As we’ve previously reported at Breitbart Tech, social justice warriors are currently engaged in an ongoing effort to spread their ideology in the open source community, a pillar of meritocracy and innovation that underpins many of the everyday tech products we take for granted.
Their current strategy involves the imposition of so-called “codes of conduct” on the multitude of hacking communities that make up the world of open source. Modelled on the “safe spaces” of university campuses, these politically correct guidelines allow for the excusion of coders who make SJWs “feel unsafe.” Needless to say, it doesn’t matter how talented the coders are – if they offend an SJW, they’re gone.
Their latest attempt is in the community of Ruby, one of the most popular programming languages. Earlier this week, Coraline Ada Ehmke, a self-described “intersectional technologist, transgender feminist, and code witch” and creator of the SJW-backed Contributor Code on GitHub made a post calling for its implementation in the Ruby community. Here’s an excerpt:
Our community prides itself on niceness. What a code of conduct does is define what we mean by nice. It states clearly that we value openness, courtesy, and compassion. That we care about and want contributions from people who may be different from us. That we pledge to respect all contributors regardless of their race, gender, sexual orientation, or other factors. And it makes it clear that we are prepared to follow through on these values with action when and if an incident arises.
Niceness! Who could object to that?
Yukihiro Matsumoto, the creator of Ruby, for one. In a response, Matsumoto (known as “Matz” in the Ruby community), said that while he agreed with the general principle of anti-harassment, he thought the SJWs were going too far. In particular, Matsumoto objected to the idea of banning coders from a project as a punishment, and instead advocated the deletion of offensive material, a much milder punishment.

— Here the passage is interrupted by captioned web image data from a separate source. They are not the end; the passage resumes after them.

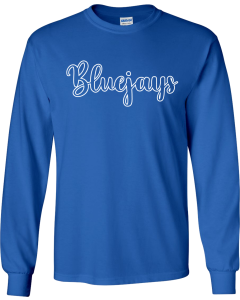 Ultra Cotton® Long Sleeve T-Shirt with Bluejays Open Script Logo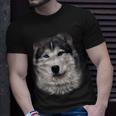 Beautiful Siberian Husky Dog Face T-Shirt Gifts for Him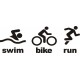 TRIATHLON SWIM BIKE RUN naklejka  hobby na samochód auto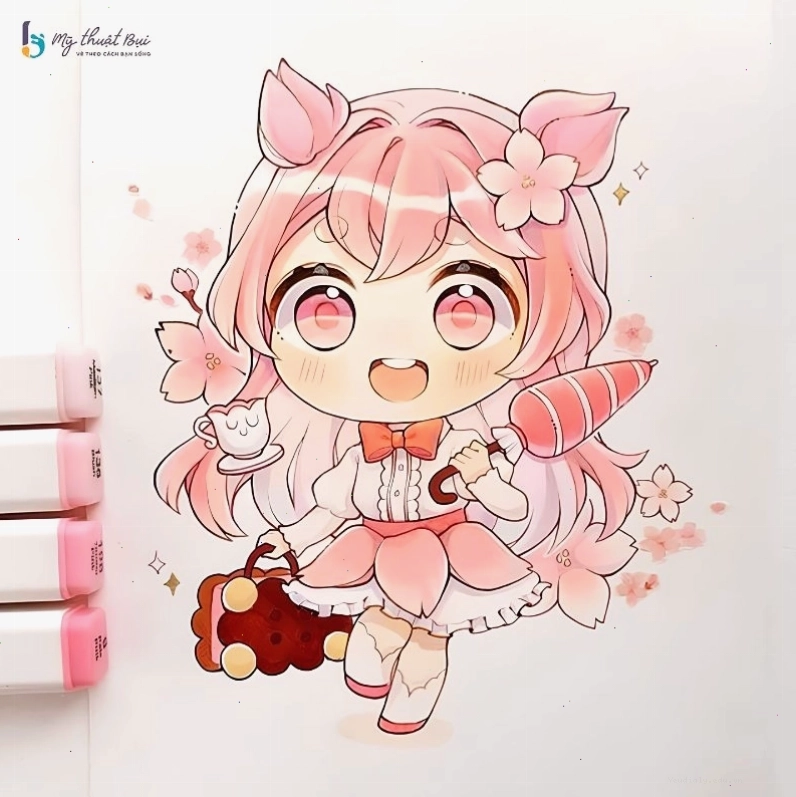 Nhân vật chibi nữ đang ngồi đọc sách, thể hiện sự tập trung và trí tuệ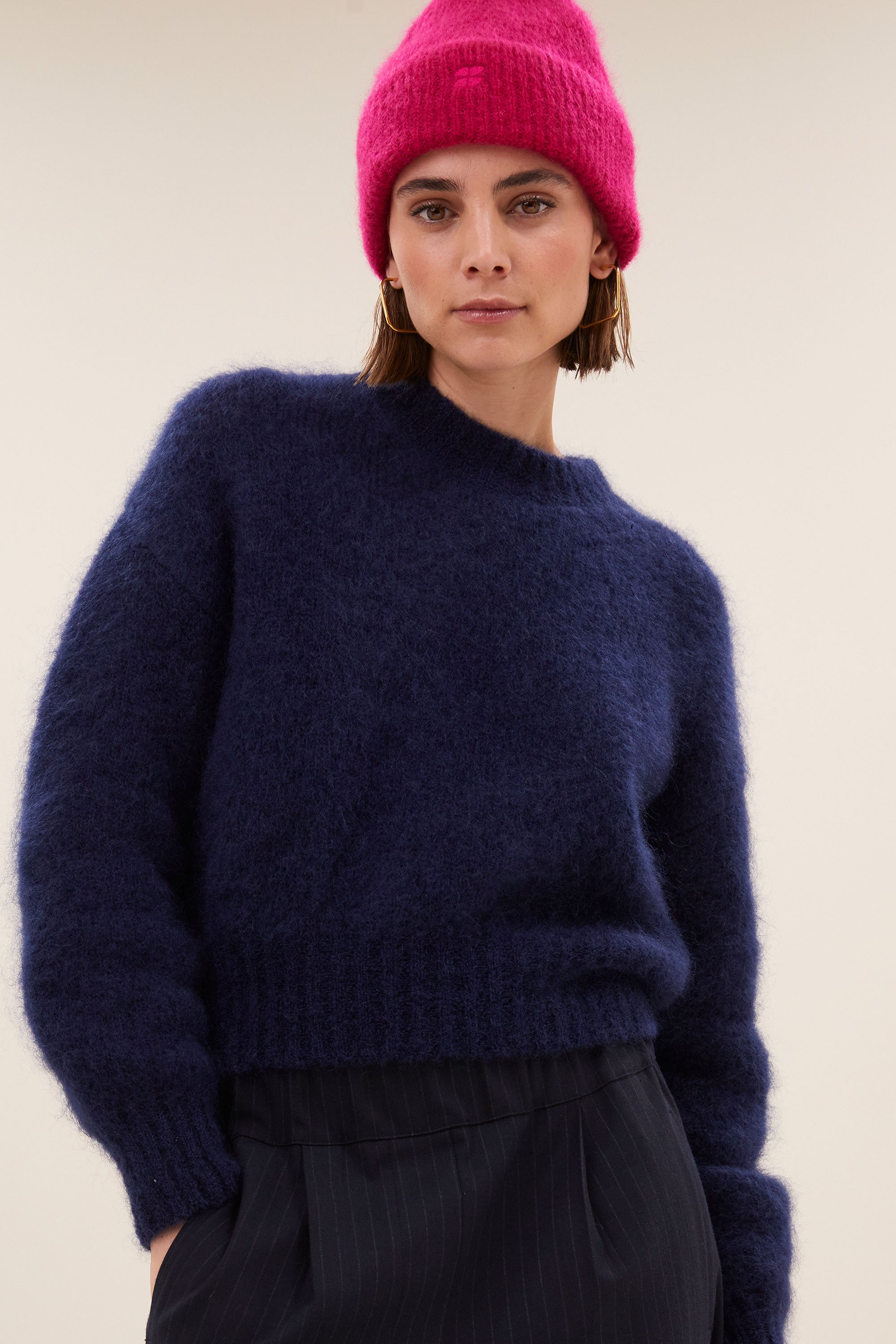 logo beanie | fuchsia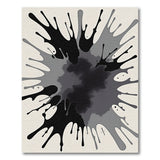 Abstract Ink Splatter Black White Area Rug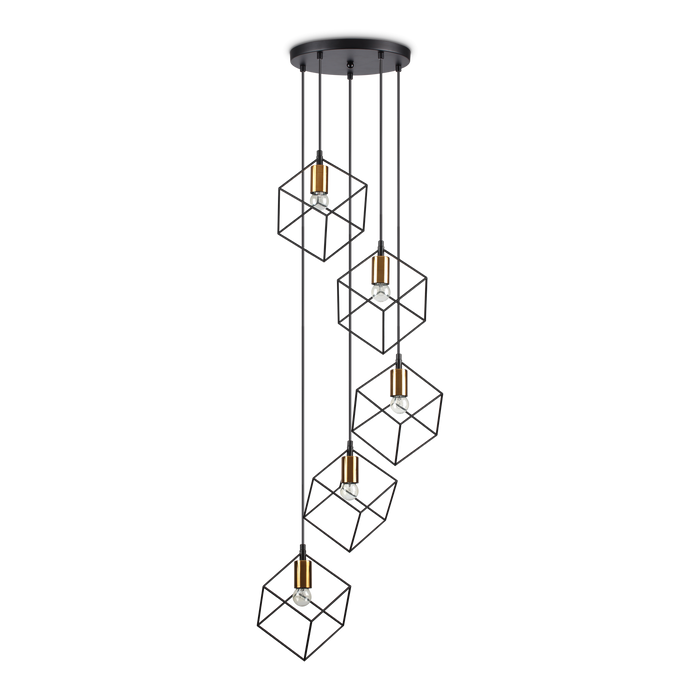 Lustra ICE Ideal Lux, E27 max 5 x 60W, Negru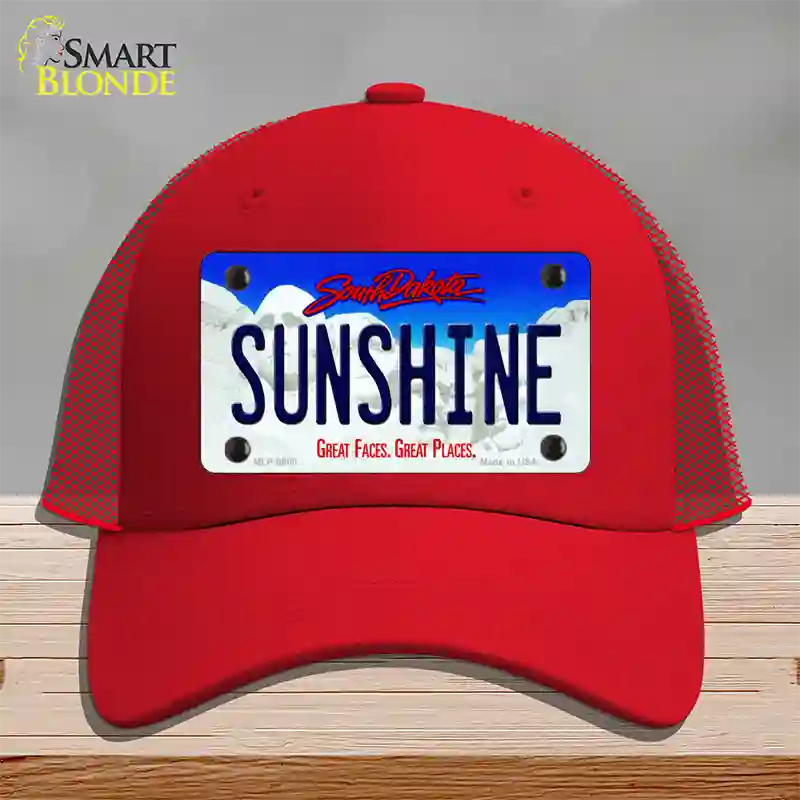 Sunshine South Dakota Novelty License Plate Hat Mesh / Red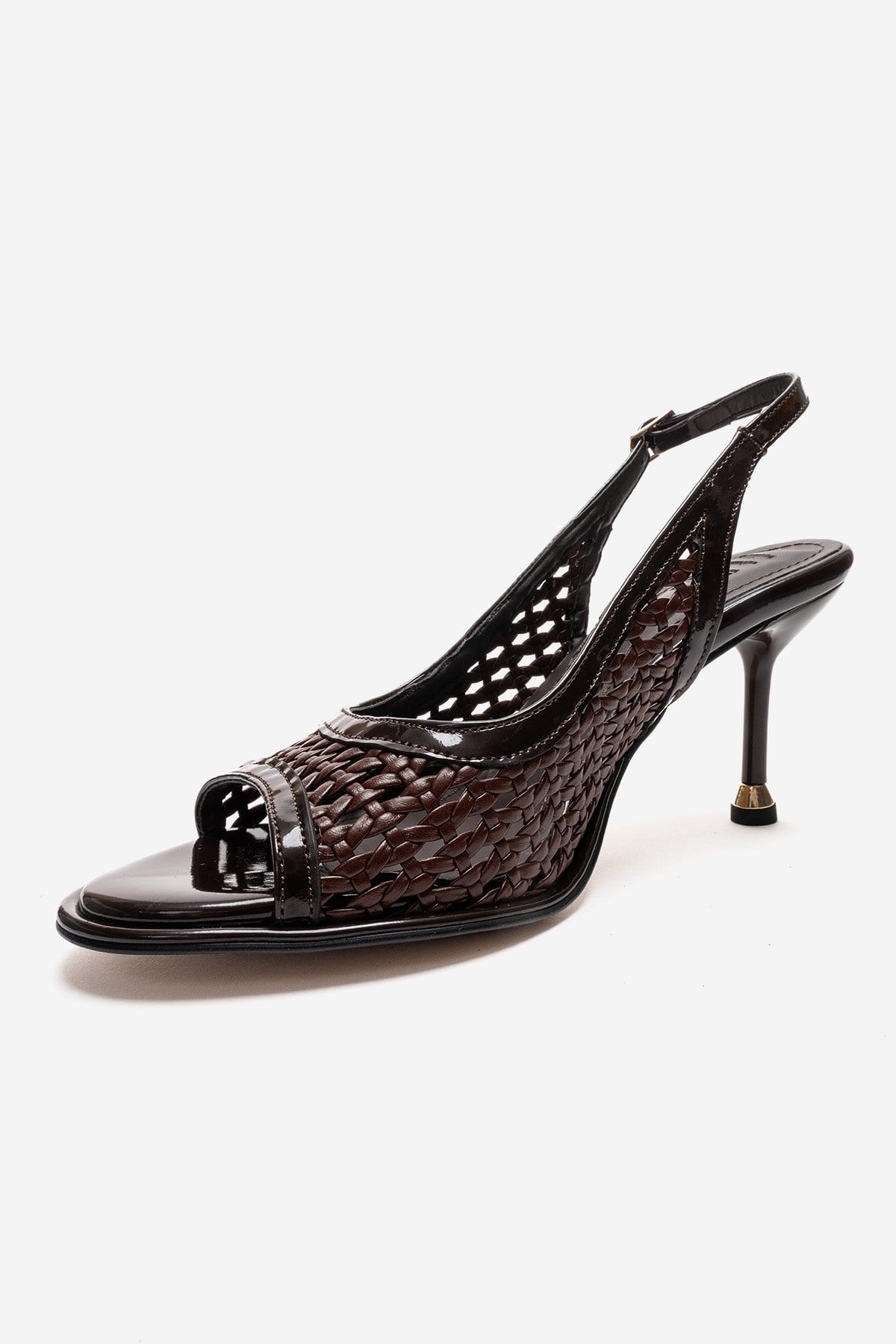 BONITO - Brown Woven Stiletto Heeled Shoe – top view showing leather, Vowalisse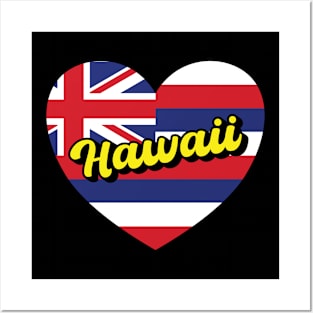 Hawaii Hawaiian State Flag Heart Posters and Art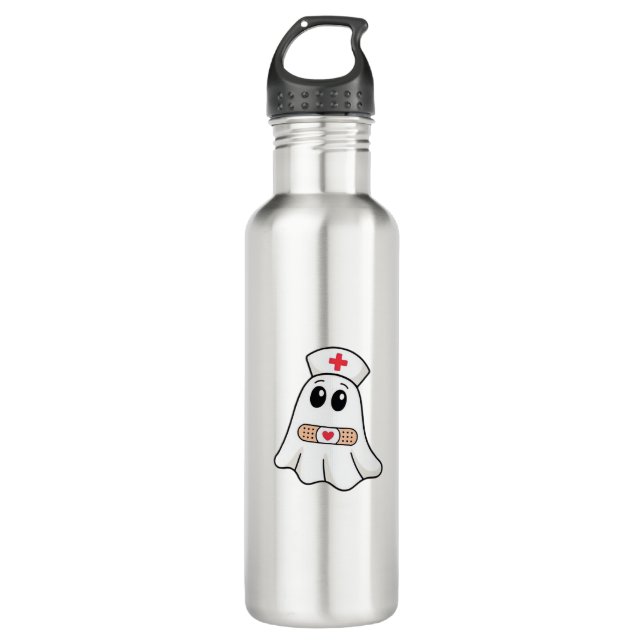 BOO BOO CREW Ghost Nurse Funny Halloween Essential 710 Ml Water Bottle (Front)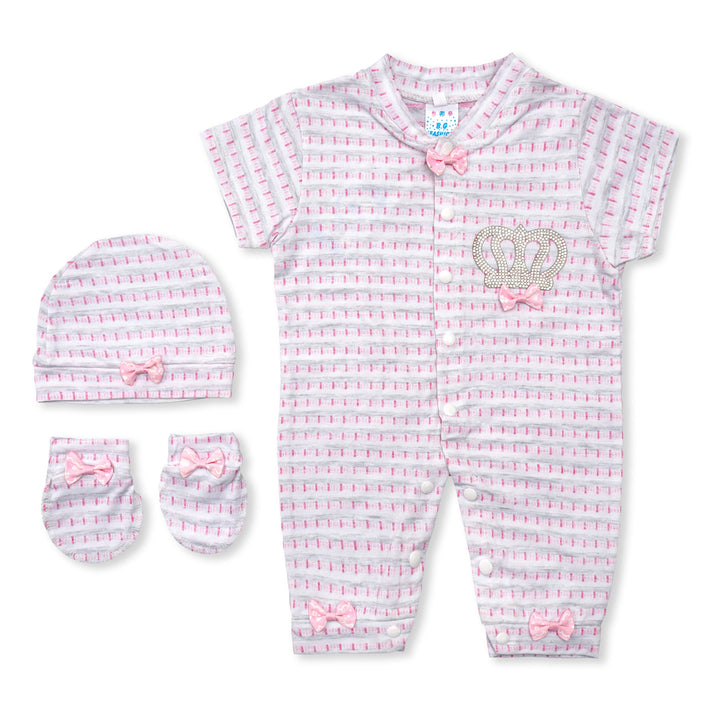 SUNSHINE BABY ROMPER PACK OF 3 PINK LINES 6-9M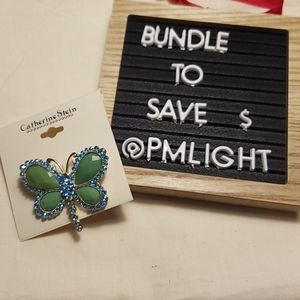 Catherine Stein Butterfly Pin New Green & Blue 🦋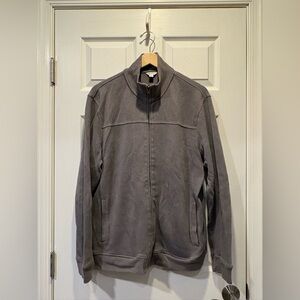 Calvin Klein Men’s Gray Full-Zip Fleece  Sweater Jacket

Crucially, he also rejected the principle that coders could be punished for actions and speech that takes place outside the Ruby community. This rule is a holy grail for SJWs – coders living in fear of exile for the programming communities for anything they say, anywhere on the internet. This rule, already implemented on an alarming number of coding projects, gives SJWs a Stasi-like incentive to monitor coders’ activities across the entire web.
Matsumoto was hardly alone. Other Ruby contributors piled in to reject Ehmke’s latest attempt to spread political correctness further into the coding community.
“As a minority far oppressed more than Coraline, she needs to just drop it”, said one coder. “Well this is how we work” wrote another, in a parody of SJWs. “We see a healthy community with no conflict. We come along, propose our trojan horse (CoC). Divide and conquer the community. Once its in ruins, we move on.”
Overall, however, the discussion thread was dominated by SJWs demanding the implementation of the code. Like a student government poll, radicals are over-represented in the electorate. It seems, as Eric Raymond and Meredith Patterson warned, that the silent majority of coders have not yet mobilised. With the politicisation of coding at hand, however, perhaps it’s time for them to do so.